# anyone interested in wood ?



## g3automotive (Feb 28, 2008)

i have a few ricks of well seasoned black cherry or red oak i live in central ohio 20 min west of akron 1 hour north of columbus  44235 zip let me know can sell by half ricks or can miss match  wood thanks jerry


----------



## smok'n steve (Feb 28, 2008)

I am too far to come get your wood, but, hey, what is a rick of wood? 

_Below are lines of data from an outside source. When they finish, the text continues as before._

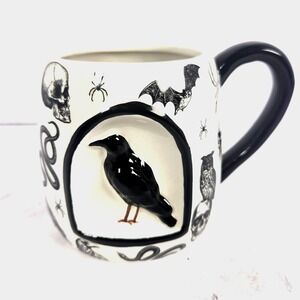 Salem St Raven Crow Skull Owl Bat Spider Halloween Mug Hand Painted Ceramic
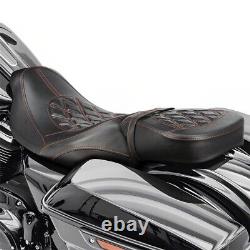 Orange Diamond Two-Piece Seat For Harley Touring Road King Street Glide 2009-23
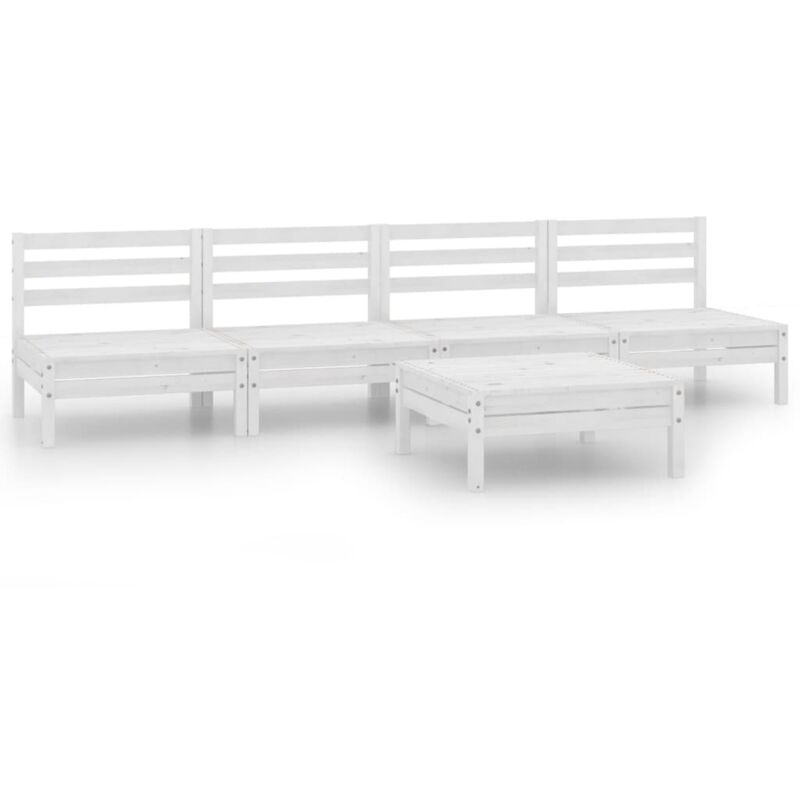 

Vidaxl - Juego de muebles de jardín 5 pzas madera maciza de pino blanco - Blanco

 Here in Maine, we sell wood by the cord.


----------



## kratzx4 (Feb 28, 2008)

I believe it is 1/2 cord. I think it also may be called a face cord


----------



## g3automotive (Feb 28, 2008)

ricks have roughly 190 pieces 16" to 20" long and any were from 3" to 6 " wide . this wood  has been seasoned for about 15 months it is ready to cook .


----------



## gunslinger (Feb 28, 2008)

A rick is 1/3 of a cord. 
For purposes of selling firewood, the standard length of a stick is 16 inches long. You will see it longer or even shorter, but the standard is 16 inches. So a cord can be measured as 3 rows wide (or 4 feet) by 4 feet tall by 8 feet long, or 128 cubic feet. A rick (or a face cord) would be 1 row wide (or 16 inches) by 4 feet tall by 8 feet long.


----------



## capt dan (Feb 29, 2008)

How much ya want for a rick?


----------



## jerkyaddict (Feb 29, 2008)

Gunslinger thanks fer the wood lesson , cause i was a wonderin too....
and g3auto if yer willin to chunck some-oh that nice seasoned wood i'd pay for wood plus shipping in say a case a oil sized box shipped to n.j. ?
we dont much get cherry in jersey..........not without violating a few trespassing law's and or distruction of private property charges.......


----------



## g3automotive (Feb 29, 2008)

i have no problem shipping wood just give me a phone # and a time to call so we can set it up thanks jerry or call me at my shop 330-603-1527 price is $100 a rick for well seasoned (15 months) black cherry while supplys last . i also have red oak seasoned and some green (fresh cut ) hickory ..... if you want a small amount shipped for you charcoal smokers call and we can figure out a fair price ...
 ps. thanks gunslinger  you are correct .


----------



## smokin' joe (Feb 29, 2008)

sometimes I get morning wood in the afternoon...whats up with that?


----------



## g3automotive (Mar 1, 2008)

back to the top


----------